As I watched my husband tangle with the hardware cloth and 2x4s for the run of our chicken coop, I checked the heat index. At 10 a.m., it was already a punishing 108 degrees. And though I knew his answer, I asked anyway. “Do you need any help?” As I expected, he replied, “No, this is my job; your job is to make me lunch and bring me water.”
Not gonna lie, I was a little relieved. Seriously, what fool would want to be out there working in that heat if they didn’t have to?
And no, this isn’t a scene from Yellowstone’s 1883 Origin Story. This is my life. Today. In 2026.
I handle the meals, housework, and sourdough starters while my husband tackles the heavy lifting—tractors, trees, and teaching the kids to drive.
And I couldn’t be happier.
Yes, I’m a Trad Wife
If you’ve spent any time on social media, you’ve probably seen the phrase “trad wife.” A portmanteau for “traditional wife,” the term describes women like me who lean into homemaking and raising children while their husbands take the lead for the family.
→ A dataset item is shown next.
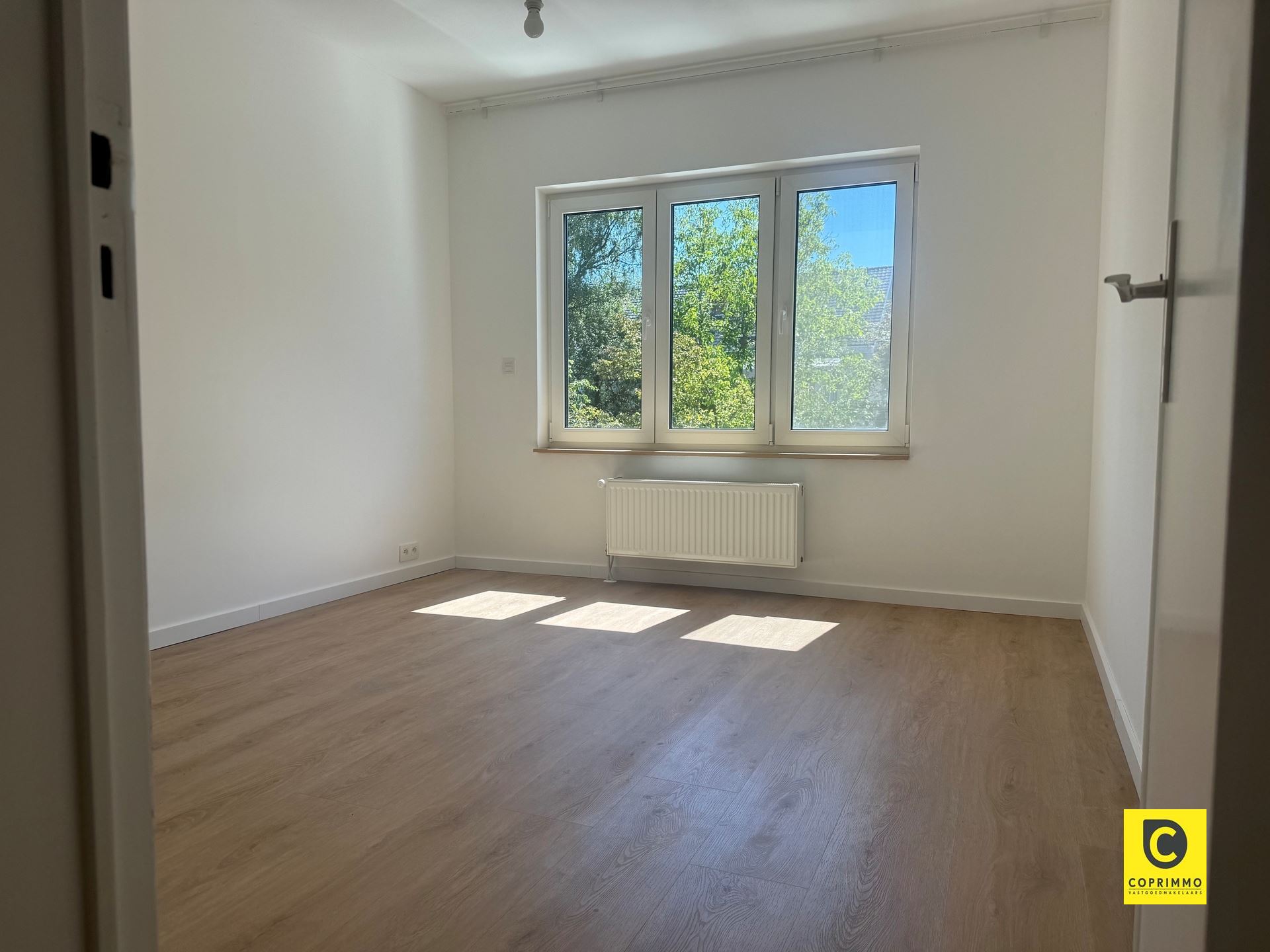 Appartement: 2 slk. en P - foto 4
Recently, trad wives have become a cultural flashpoint of sorts, sparking some heated debates across social media, mainstream media, and maybe a dinner table or two. While critics view the lifestyle as one that sends women hurtling back to the 1950s, living a Stepford wife-esque life in silence without agency, I don’t see it that way.
This lifestyle is us—taking a seat at the table—the kitchen table, as it were. We’re prioritizing care for our family over climbing the corporate ladder in a world that tells us not to. And while most people assume that it’s also about erasing agency, those of us who live it see it as intentional choices, a reassessment of personal values, and, believe it or not, a profound level of freedom.
Moreover, I don’t think being a trad wife is necessarily a rejection of feminism. On the contrary, I see it as a reflection of feminism itself—those before us fought for choices, and this one is mine.
The Moment That Changed Everything
My life as a trad wife wasn’t an overnight decision. It was an evolution.
In the early years of our marriage, I worked full time, juggling two kids, daycare runs, and endless to-do lists while my husband was deployed overseas. There was a lot on my plate, but spending quality time with my kids never felt like one of them.
The tipping point for me came after the birth of my second child. At daycare pickup one afternoon, my baby reached for the babysitter as if she were her mom and I was just a stranger.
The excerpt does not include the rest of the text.